(Beginning of Source data)

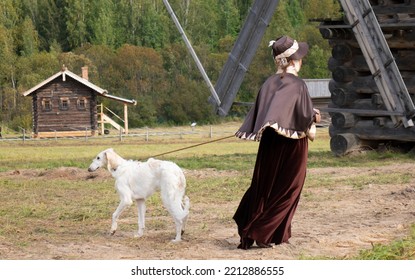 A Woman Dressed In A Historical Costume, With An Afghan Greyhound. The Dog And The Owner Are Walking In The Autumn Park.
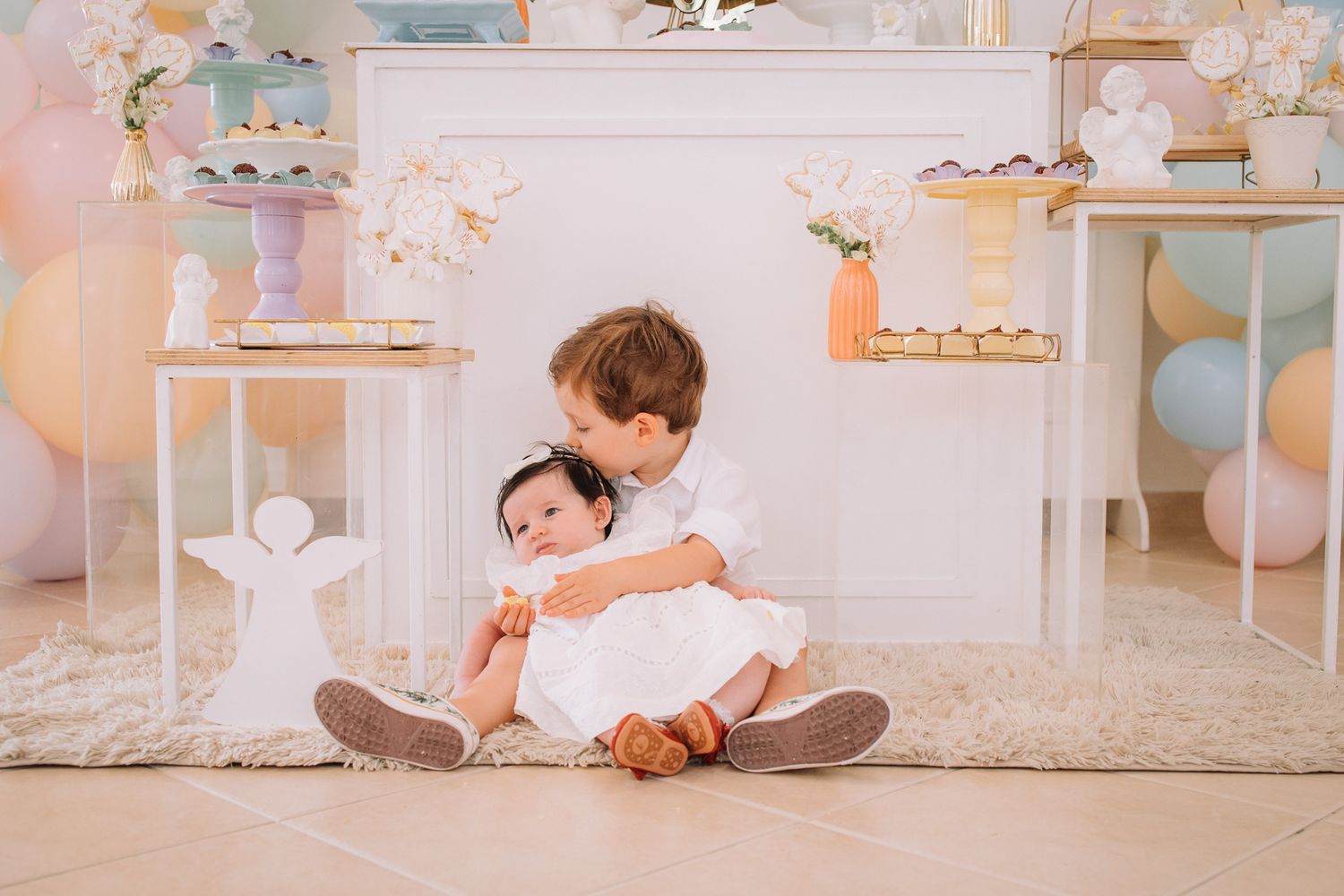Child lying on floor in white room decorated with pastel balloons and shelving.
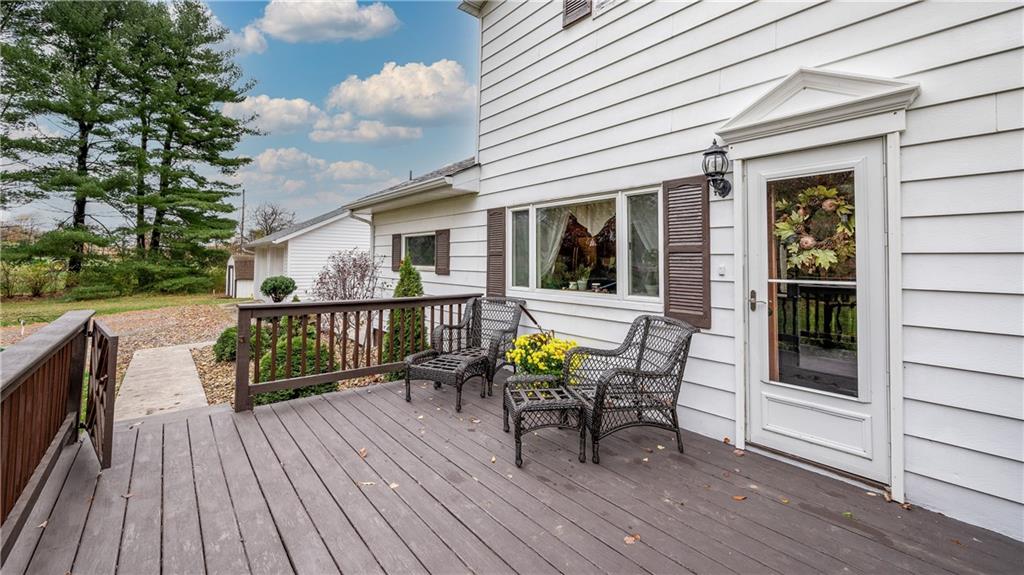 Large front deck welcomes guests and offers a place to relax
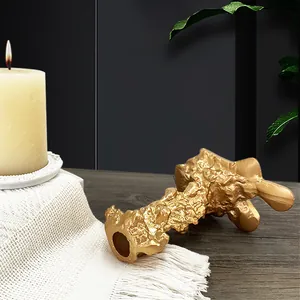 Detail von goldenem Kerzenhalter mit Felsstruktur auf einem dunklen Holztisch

(End of Source data)

*Problem requirements:* Nothing but the lines from the one containing "Child lying on" through the last line of the data should appear in the answer, copied exactly, with pictures excluded.

*Answer space:*
Child lying on floor in white room decorated with pastel balloons and shelving.
 Large front deck welcomes guests and offers a place to relax
 Detail von goldenem Kerzenhalter mit Felsstruktur auf einem dunklen Holztisch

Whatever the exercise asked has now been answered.